Concurrency escape analysis

With a remote runtime, there are three possible places for variable allocation:

  • Stack
  • Heap
  • Remote

Just as escape analysis is used today to make the stack vs. heap decision, when building a remote binary the compiler computes the lexical closure of each goroutine and determines which variables are referenced in more than one goroutine or which addresses escape between them. These variables are assigned 'remote' allocation via the runtime server, and all accesses to them are converted to get/set API calls to the runtime server.

Built-in data types such as slices, maps, channels, or their underlying data structures may receive remote allocation. This means the runtime server must implement these built-in types and provide appropriate methods for manipulating them.

OS resources

Accesses to external operating system resources (e.g. file descriptors) are always translated into calls to the runtime server.

Instrumentation

The runtime stub instruments each goroutine to track CPU time, memory pressure and runtime API usage along each code block. This data is used in any migration decisions the runtime server may make.

Migration

The runtime server can read the state of a goroutine (program counter, stacks, memory containing pointers), launch another instance of the remote binary, initialize it with the given state, and resume just that one goroutine in the new process.
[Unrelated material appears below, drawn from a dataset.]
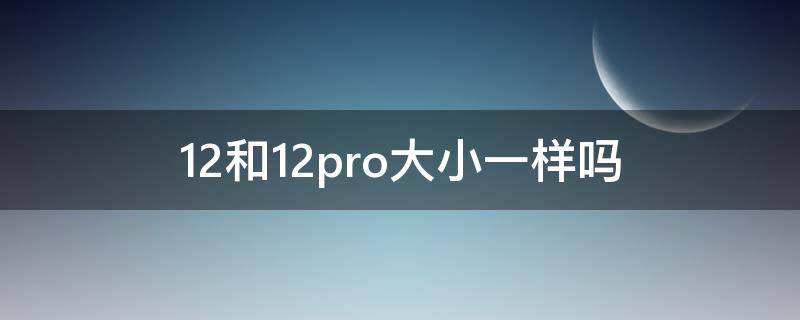 12和12pro大小一样吗（12和12pro大小一样吗手机壳买错了）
Concurrency escape analysis ensures shared variables required by the migrated goroutine will have already been allocated on the runtime server and that all accesses to those variables were re-written into API calls to the runtime server.

Local blocks

As an optimization, the compiler can indentify code blocks that access only variables and resources not allocated on the runtime server. These 'local blocks' can be executed in a single step from the runtime server, rather than stepping through individual instructions.